Coming Home(171)



There was nothing tolerable about this place. Nothing uplifting. Nothing redeeming. Nothing but the torturously unhurried passing of time.

He didn’t give a shit if there were no barbed-wire fences surrounding the property. It didn’t change the fact that he was living his life away from everything and everyone who mattered to him. That he didn’t even feel like his own person anymore. That every move he made had to be approved. Every decision, every step he took had to be sanctioned by authority.

His lawyer had failed to mention that the lack of perimeter fences wouldn’t compensate for how incredibly degrading it felt to be treated like a child twenty-four hours a day. The absence of sharp shooters in towers couldn’t make up for the constant misery of not being trusted.

Danny couldn’t resign himself to the fact that most of the people in charge had no reason to view him as trustworthy or honorable or decent. Most of them viewed him as a f*ck-up. A criminal who raised suspicion, someone who had to be watched and questioned at every turn.

There were a couple of exceptions—those guards who managed to make him feel somewhat human even while doing something like frisking him for contraband—but most of them spoke to the inmates like they were shit on their shoes.

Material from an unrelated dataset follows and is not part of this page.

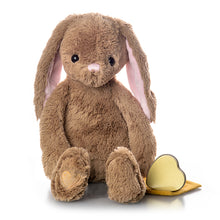 Load image into Gallery viewer, Brown Bunny Plush Urn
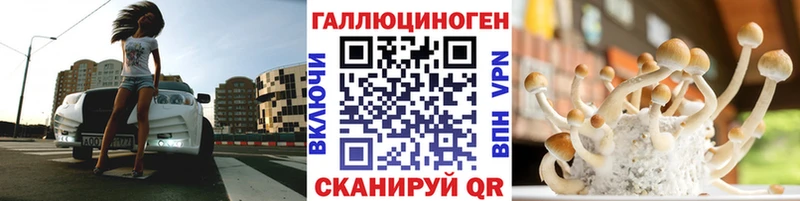 Купить  Вышний Волочёк  Галлюциногенные грибы GOLDEN TEACHER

At first, Danny tried to rationalize their behavior with the fact that these men spent their lives surrounded by people who had broken the law—some worse than others and many more than once. He reasoned that after years and years of witnessing a revolving door of crooks and felons and delinquents, their tolerance must have worn pretty thin.

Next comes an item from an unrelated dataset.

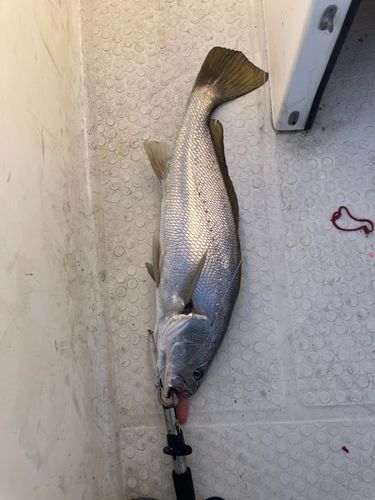 メイゴの釣果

Still, it didn’t make him feel any less shitty—or any less angry—when he was on the receiving end of that intolerance. Eventually he gave up trying to justify their behavior and accepted the fact that everyone had a role to play; they were the judgmental pricks on a power trip and he was a piece of shit criminal, and that was that.

Three weeks, and they had already managed to get inside his head.

Maybe he was never as strong as he thought.

Danny lifted his head off the pillow and looked at the clock on the wall. Any minute now, she’d be here. They were going to call his name, and he would make his first trip to the visitor’s center, and Leah would be standing before him.

And it wasn’t supposed to be like this.

Because instead of excitement, there was dread. Instead of eagerness, there was panic. And instead of relief, there was shame.

He was so afraid she’d be able to see it—that he was already different. That they’d both given him too much credit.

He didn’t want to let her down. He didn’t want her to wonder what would be left of him after another nineteen months if three weeks had already affected him.

It was all so f*cking humiliating.

He didn’t know how to keep the darkness of his thoughts from her, and if she saw it, what would she think? Would she pity him? Be just as disappointed in him as he was in himself? Begin distancing herself from him?

The thought alone was enough to incapacitate him, because he realized she would probably be better off leaving him at this point. He would be destroyed, completely and utterly gutted, but that seemed to be the path he was on anyway.

Leah didn’t have to be subjected to this.

Danny rolled his head to the side as Troy walked into their cell dressed in his grays, one of two authorized outfits inmates were permitted to wear. A gray sweat suit was the required attire for the rec area or the gym; for everything else, there was a khaki jumpsuit.

“You working out?” Danny asked.

“Nah, just got back,” Troy said, sifting through the small locker in the corner of the room. He pulled out a pack of tortillas, some dried pepperoni, and a little bag of shredded cheese, and Danny knew Troy was about to make what he called a “bootleg stromboli.” He’d taught Danny how to make them during his first week at Fort Dix, after he’d already grown tired of the shit down at the mess hall.